Nordic corporate bank SEB – which is headquartered in Swedish capital Stockholm – has been present in Latin America for 50 years.
Officials serve Latin America and the Caribbean from a representative office in São Paulo, providing financing, advisory and other services for companies doing business in the region.
To find out more about SEB’s regional operations and where it sees growth seams, BNamericas interviewed with two of the bank’s Brazil-based senior staff: chief representative Christian Rezende (pictured left) and deputy representative and associate area manager for Latin America Vilhelm Dhejne (on the right).
BNamericas: What types of services or products do you tend to provide in Latin America?
Rezende & Dhejne: SEB is present in Latin America since 1972 with a representative office in São Paulo, Brazil. Since 2019, SEB São Paulo is also responsible for the Latin America and Caribbean regions covering all countries from Mexico to Uruguay.
Over the years, SEB has focused on supporting Scandinavian, Baltic, German and UK corporates in doing business in Brazil through providing financing, trade finance solutions and advisory services. SEB São Paulo was the first international office outside the Nordic region. SEB works with a large network of correspondent banks in the region to facilitate payments and trade finance transactions in relation to our core clients and their subsidiaries in the region. SEB’s offering includes letters of credit, guarantees, export financing transactions, project financing and in some countries bilateral working capital facilities.
BNamericas: What countries are you chiefly focused on?
Rezende & Dhejne: SEB has been following our clients in their international expansion, always striving to assist their needs where it is relevant for them. SEB works with a wide range of correspondent banks across the entire region, constituting a mix of international, local and regional banks. This infrastructure is paramount to support the needs of our global clients, not only in the large economies but also in smaller countries. It is important to highlight that our clients are more present and have more business activity in the largest economies of Brazil, Mexico, Argentina, Chile, Colombia, Peru, Ecuador and Uruguay, which demand an enhanced focus. However, SEB upholds relations with correspondent banks in more than 20 countries in the region to be able to assist our customers.

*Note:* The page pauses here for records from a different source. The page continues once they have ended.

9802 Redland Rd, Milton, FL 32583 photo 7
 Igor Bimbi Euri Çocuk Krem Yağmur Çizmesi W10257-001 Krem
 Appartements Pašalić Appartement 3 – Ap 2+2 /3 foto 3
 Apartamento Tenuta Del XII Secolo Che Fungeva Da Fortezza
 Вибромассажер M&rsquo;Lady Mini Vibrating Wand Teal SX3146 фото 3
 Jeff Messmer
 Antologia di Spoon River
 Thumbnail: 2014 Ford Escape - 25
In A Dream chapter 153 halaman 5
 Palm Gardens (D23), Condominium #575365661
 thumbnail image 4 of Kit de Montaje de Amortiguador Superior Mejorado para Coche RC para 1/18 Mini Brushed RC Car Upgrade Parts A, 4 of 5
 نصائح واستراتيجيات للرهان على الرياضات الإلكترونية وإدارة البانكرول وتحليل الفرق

BNamericas: What sectors are driving demand currently and where do you see growth coming from over the next few years, for example, energy, infrastructure?
Rezende & Dhejne: SEB’s ambition is to be a relevant and trusted partner for our global clients, who need our insights and support to facilitate their business. Those clients are spread among a wide range of sectors, but are particularly found within the pulp and paper, energy, ports, telecom, automotive, and industrial segments. Telecom, for example, is driving a lot of attention as many Latin American countries are moving ahead with the 5G rollout this year and next. Pulp and paper has also been in the spotlight as the sector has been facing a significant expansion during the past three years, with several new plants under construction in countries like Brazil, Chile, Uruguay, and Paraguay. However, one of the most relevant sectors now and for the upcoming years is the energy sector, due to the increasing demand to accelerate investments in renewable energy sources (mostly solar and wind) and new projects related to the energy transition, given the ESG goals of several players in this sector.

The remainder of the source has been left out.